Vitamin A and Skin Antiaging


  • Alpha-hydroxy Acids (AHAs)
    Alpha-hydroxy acids (AHAs) have been available as dermatological agents for over 20 years. However, the use of these agents for rejuvenation dates from ancient times (Cleopatra bathed in sour milk, which contains the AHA lactic acid). Most alpha-hydroxy acids are derived from foods (with those found in fruits being called fruit acids, but technically, AHAs are are carboxylic acids derived from fruit and milk sugars). Malic acid comes from apples and pears, citric acid from citrus fruits, lactic acid from milk, tartaric acid from grapes, and glycolic acid from sugar cane. Salicylic acid is, loosely speaking, a beta hydroxy acid (a BHA).

    Depending on the concentration, some have been shown to be effective as peeling agents and for rejuvenation, and all AHAs appear to act as both exfoliants and moisturizers.
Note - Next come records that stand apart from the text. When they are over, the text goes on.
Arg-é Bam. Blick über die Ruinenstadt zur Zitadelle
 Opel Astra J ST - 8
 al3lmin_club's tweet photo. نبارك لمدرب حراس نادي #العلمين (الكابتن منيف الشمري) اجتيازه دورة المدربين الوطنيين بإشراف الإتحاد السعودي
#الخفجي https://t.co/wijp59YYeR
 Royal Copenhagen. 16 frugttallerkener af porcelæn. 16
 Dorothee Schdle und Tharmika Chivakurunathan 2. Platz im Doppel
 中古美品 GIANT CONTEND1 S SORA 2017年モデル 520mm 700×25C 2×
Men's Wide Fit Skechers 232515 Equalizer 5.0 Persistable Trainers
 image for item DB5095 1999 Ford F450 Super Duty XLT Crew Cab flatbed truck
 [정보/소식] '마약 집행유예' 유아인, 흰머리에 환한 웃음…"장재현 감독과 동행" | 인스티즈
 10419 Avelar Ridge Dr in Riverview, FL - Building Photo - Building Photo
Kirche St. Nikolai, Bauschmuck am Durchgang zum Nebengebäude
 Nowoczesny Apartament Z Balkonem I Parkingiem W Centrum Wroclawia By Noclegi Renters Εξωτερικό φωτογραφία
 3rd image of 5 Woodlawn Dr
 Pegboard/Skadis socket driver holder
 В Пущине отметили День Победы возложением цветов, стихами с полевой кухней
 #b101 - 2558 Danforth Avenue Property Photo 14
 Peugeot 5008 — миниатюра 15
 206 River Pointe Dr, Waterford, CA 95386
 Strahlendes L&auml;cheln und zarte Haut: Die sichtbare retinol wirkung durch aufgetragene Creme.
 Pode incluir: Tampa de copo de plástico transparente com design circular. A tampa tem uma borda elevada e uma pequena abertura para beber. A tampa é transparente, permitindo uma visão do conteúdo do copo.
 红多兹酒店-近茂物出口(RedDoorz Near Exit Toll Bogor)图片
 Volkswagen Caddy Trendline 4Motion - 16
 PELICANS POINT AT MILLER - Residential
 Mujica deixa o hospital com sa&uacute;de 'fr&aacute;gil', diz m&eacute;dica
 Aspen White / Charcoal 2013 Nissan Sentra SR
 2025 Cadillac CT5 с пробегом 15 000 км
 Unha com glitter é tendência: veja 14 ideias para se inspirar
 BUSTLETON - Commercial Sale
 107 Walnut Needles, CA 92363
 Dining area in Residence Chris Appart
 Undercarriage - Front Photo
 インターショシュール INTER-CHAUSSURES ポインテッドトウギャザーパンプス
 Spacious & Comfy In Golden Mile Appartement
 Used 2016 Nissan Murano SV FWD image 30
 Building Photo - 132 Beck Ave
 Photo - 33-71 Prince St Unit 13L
Products containing AHAs vary in concentration: consumer products usually have an AHA concentration of 10% or less, while those used by trained cosmetologists may be between 20% and 30%, and those used by physicians can be 50%-70% and are classified as medications. Although OTC (over-the-counter) commercial AHA-containing preparations are often synthetically derived, the efficacy and operation of synthetic AHAs is functionally equivalent to organic source derived preparations.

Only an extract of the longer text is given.